- Directions
The result should be every line of the listing that contains "Photo".

- Dataset content
******
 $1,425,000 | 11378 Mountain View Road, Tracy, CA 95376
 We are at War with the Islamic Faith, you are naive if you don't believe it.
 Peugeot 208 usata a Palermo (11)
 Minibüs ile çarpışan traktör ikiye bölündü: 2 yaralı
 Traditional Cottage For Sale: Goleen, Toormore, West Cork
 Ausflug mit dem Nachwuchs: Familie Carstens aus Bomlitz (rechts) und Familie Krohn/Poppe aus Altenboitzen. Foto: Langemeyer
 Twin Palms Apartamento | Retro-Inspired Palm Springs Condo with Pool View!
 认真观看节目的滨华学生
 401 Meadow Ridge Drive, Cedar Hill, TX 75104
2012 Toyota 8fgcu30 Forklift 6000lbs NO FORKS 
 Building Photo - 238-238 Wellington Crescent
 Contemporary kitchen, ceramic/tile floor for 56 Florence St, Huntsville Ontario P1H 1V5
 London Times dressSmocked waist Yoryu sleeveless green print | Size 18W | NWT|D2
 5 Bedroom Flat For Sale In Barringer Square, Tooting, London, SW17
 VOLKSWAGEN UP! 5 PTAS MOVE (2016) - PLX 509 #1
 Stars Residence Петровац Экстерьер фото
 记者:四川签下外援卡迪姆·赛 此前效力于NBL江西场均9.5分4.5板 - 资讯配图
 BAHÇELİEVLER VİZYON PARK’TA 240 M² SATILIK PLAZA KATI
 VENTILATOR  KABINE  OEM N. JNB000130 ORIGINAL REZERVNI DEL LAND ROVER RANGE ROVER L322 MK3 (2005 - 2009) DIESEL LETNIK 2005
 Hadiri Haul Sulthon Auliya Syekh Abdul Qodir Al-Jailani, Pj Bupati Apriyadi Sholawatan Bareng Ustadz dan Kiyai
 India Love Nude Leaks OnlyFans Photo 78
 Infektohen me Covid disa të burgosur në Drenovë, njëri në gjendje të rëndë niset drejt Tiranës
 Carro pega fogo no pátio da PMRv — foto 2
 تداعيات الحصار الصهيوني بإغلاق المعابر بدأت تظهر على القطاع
******
- Solution to this task
 Building Photo - 238-238 Wellington Crescent
 India Love Nude Leaks OnlyFans Photo 78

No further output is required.